I have a short period of time to write an addendum to today’s earlier post. In that previous diary entry (subscriber-only), I led with an angry complaint about Donald Trump’s role in saving Canada’s odious Liberals from the political abyss, through his taunting and trolling of Canadians. (His tariffs no doubt had a big role too, but certainly his frequent mocking of the Canadian people played a role.) I’m seeing a lot of conservative Americans on social media this morning saying that the fault is 100 percent Canadian voters’. In a basic sense, that is true. But this position seems to be more about exonerating Trump from some of the blame than it is to explain what actually happened.
I don’t want to get into the ins and outs of the “Who lost Canada?” question, but I want to talk briefly about an ancillary but important issue. And it’s this: the urgent need for steady, wise government in this combustible time.
My basic point is that even though I supported the Trump candidacy, and am still grateful that he is president and not Kamala Harris, that does not absolve Trump of the responsibility to use his power wisely. That is a truism, I guess, about any politician. But it’s massively important at this juncture in history, for reasons that Prof. David Betz and Ralph Schoelhammer discuss in this must-listen podcast. If you listen to nothing else today, make it this one:
You regular readers know that I’ve been banging on about David Betz’s warnings about coming civil wars in the West since I first heard them in February on Louise Perry’s viral podcast. In this more recent interview with Ralph Schoelhammer, Betz, a civil war specialist in the War Studies department at King’s College London, expands his critique beyond Britain’s borders, and talks about the breakup of the West. If you heard the Perry podcast, you’ll be familiar with his basic argument; in the Schoelhammer interview, Betz places it in historical context, and explains why it matters to all of us. I’ll summarize it here.

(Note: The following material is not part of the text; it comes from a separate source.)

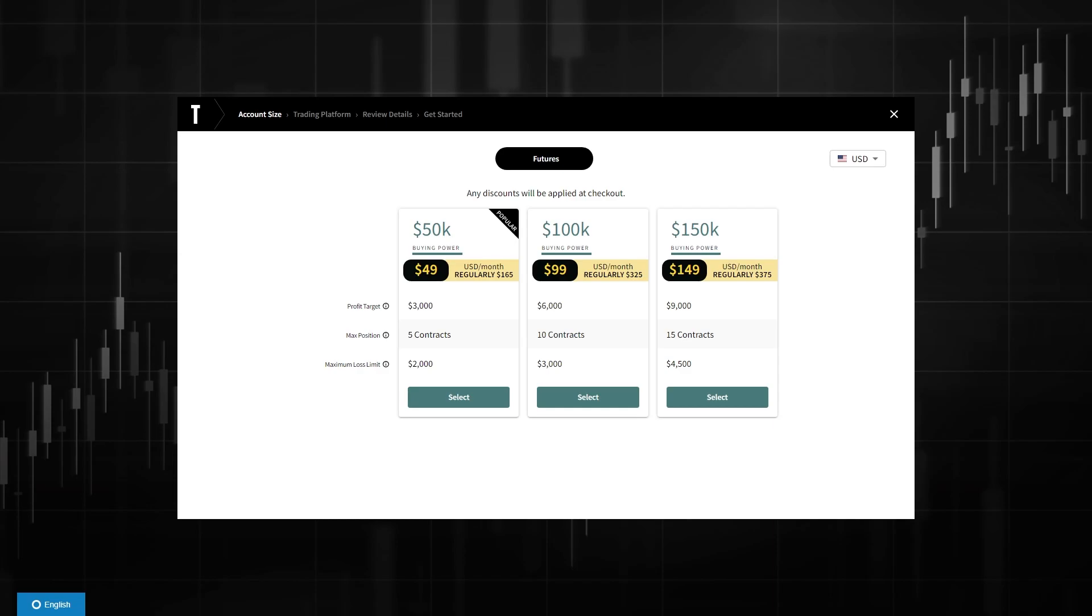In today's video I'll be showing you how to connect TopStep to TradingView. This is a very quick and simple thing to do. By the end of this video you'll actually be able to trade on TradingView with your TopStep account.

Betz’s analysis is based in academic theories of civil war, official statistics, and observations of societal trends. He emphasizes the point later voiced by J.D. Vance in his Munich speech: that Western leaders are focused on external conflicts, but the greatest dangers to us are internal. That is to say, our countries and societies are internally fractured, and that fracture is reaching a breaking point.
What are the factors involved?
Multiculturalism and Social Disintegration: Betz contends that multiculturalism has eroded social cohesion by fostering competing identity-based groups with little shared sense of national identity. He describes Western societies as "incohesive," with segregated communities competing for diminishing resources, creating conditions ripe for conflict.
Asymmetric Multiculturalism and Perceived Injustice: He highlights an "asymmetric multiculturalism" where minority groups are encouraged to express ethnic pride and solidarity, while similar expressions by white majorities are stigmatized as supremacist. This perceived double standard fuels resentment and a sense of "downgrading" among majority populations, providing a narrative of injustice that could justify revolt.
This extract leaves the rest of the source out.